──────── Entries shown ────────

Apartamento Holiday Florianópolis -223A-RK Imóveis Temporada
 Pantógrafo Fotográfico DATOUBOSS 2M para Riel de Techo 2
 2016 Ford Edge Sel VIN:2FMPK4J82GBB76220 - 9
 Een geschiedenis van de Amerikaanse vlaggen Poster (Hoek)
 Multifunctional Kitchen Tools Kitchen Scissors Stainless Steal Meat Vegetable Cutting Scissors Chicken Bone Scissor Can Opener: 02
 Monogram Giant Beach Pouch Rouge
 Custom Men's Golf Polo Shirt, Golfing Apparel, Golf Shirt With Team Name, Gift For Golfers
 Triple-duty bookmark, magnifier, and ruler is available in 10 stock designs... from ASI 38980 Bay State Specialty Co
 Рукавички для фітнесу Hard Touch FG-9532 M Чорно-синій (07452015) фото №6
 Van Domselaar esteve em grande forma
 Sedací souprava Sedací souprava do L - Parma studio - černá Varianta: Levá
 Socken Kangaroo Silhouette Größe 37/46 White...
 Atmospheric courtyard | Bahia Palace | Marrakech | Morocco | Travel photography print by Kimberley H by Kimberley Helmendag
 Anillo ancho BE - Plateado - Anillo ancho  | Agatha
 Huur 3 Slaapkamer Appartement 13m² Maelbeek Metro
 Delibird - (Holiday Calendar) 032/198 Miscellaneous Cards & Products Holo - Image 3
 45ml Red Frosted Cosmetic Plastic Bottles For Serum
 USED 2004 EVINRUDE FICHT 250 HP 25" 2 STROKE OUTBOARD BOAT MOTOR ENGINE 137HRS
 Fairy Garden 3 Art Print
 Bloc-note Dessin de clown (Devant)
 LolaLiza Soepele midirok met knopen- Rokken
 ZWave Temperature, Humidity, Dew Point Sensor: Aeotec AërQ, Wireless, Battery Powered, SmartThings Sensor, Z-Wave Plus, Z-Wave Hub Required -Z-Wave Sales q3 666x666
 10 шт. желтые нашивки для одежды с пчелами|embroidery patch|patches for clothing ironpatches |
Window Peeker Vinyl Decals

────────

**Exercise brief:** Find where "Van Domselaar esteve em grande forma" occurs in the data, and please write out that line through the last line exactly, with nothing else.

**Task solution:**
 Van Domselaar esteve em grande forma
 Sedací souprava Sedací souprava do L - Parma studio - černá Varianta: Levá
 Socken Kangaroo Silhouette Größe 37/46 White...
 Atmospheric courtyard | Bahia Palace | Marrakech | Morocco | Travel photography print by Kimberley H by Kimberley Helmendag
 Anillo ancho BE - Plateado - Anillo ancho  | Agatha
 Huur 3 Slaapkamer Appartement 13m² Maelbeek Metro
 Delibird - (Holiday Calendar) 032/198 Miscellaneous Cards & Products Holo - Image 3
 45ml Red Frosted Cosmetic Plastic Bottles For Serum
 USED 2004 EVINRUDE FICHT 250 HP 25" 2 STROKE OUTBOARD BOAT MOTOR ENGINE 137HRS
 Fairy Garden 3 Art Print
 Bloc-note Dessin de clown (Devant)
 LolaLiza Soepele midirok met knopen- Rokken
 ZWave Temperature, Humidity, Dew Point Sensor: Aeotec AërQ, Wireless, Battery Powered, SmartThings Sensor, Z-Wave Plus, Z-Wave Hub Required -Z-Wave Sales q3 666x666
 10 шт. желтые нашивки для одежды с пчелами|embroidery patch|patches for clothing ironpatches |
Window Peeker Vinyl Decals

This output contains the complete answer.